We have a grid with $N \times M$ squares. You will fill every square with an integer between $1$ and $25$ (inclusive). Let $a_{i,j}$ be the integer to be written in the square at the $i$-th row from the top and $j$-th column from the left.

Find a way to fill the squares to satisfy the condition below.

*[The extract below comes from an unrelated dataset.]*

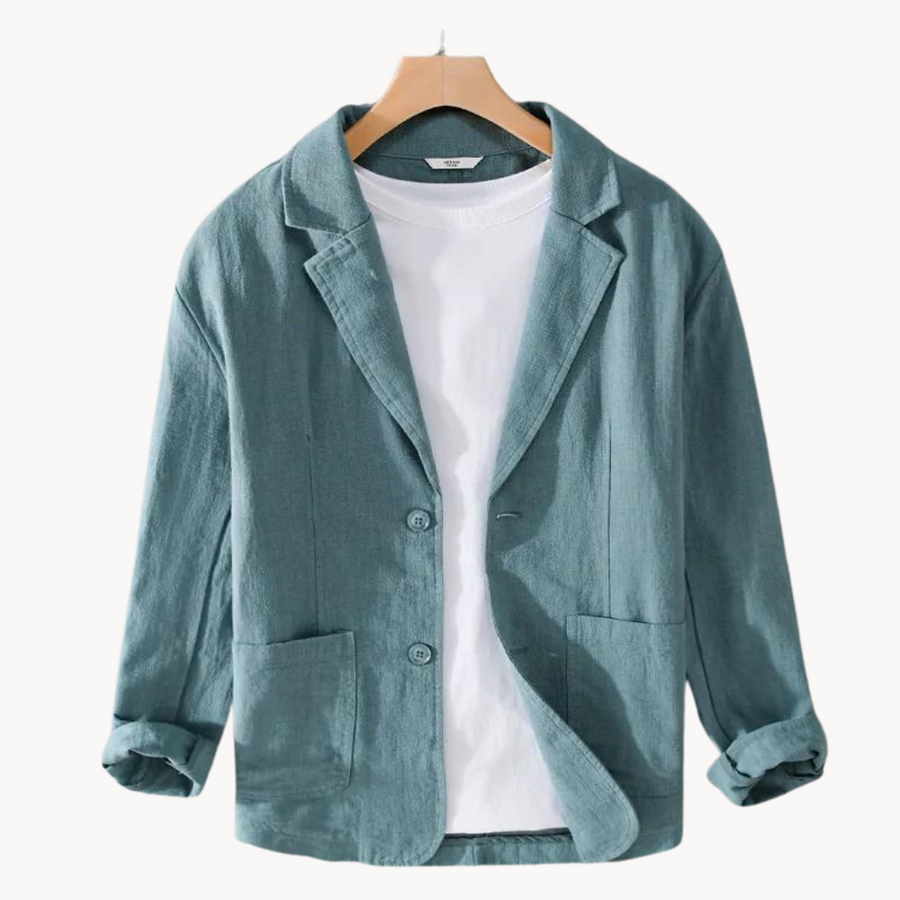 Sicily Linen Tailored - Blazer CAAYWORLD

It can be proved that, under the Constraints of this problem, such a way always exists.

• For any integers $1\leq x_1 < x_2\leq N,1\leq y_1 < y_2 \leq M$, it must not be the case that $a_{x_1,y_1},a_{x_1,y_2},a_{x_2,y_1},a_{x_2,y_2}$ are all equal.

Constraints

• $2 \leq N , M \leq 500$
• All values in input are integers.

Input

Input is given from Standard Input in the following format:

$N$ $M$

Output

Print one way to fill the squares to satisfy the condition, in the format below:

$a_{1,1}$ $a_{1,2}$ $\ldots$ $a_{1,M}$

$a_{2,1}$ $a_{2,2}$ $\ldots$ $a_{2,M}$

$\vdots$

$a_{N,1}$ $a_{N,2}$ $\ldots$ $a_{N,M}$

If there are multiple solutions, printing any of them will be accepted.

2 3

1 1 1
1 2 3

$(x_1,x_2,y_1,y_2)$ can be one of $(1,2,1,2),(1,2,2,3),(1,2,1,3)$.

For any of them, the numbers written in the squares are not all equal, so this output satisfies the condition.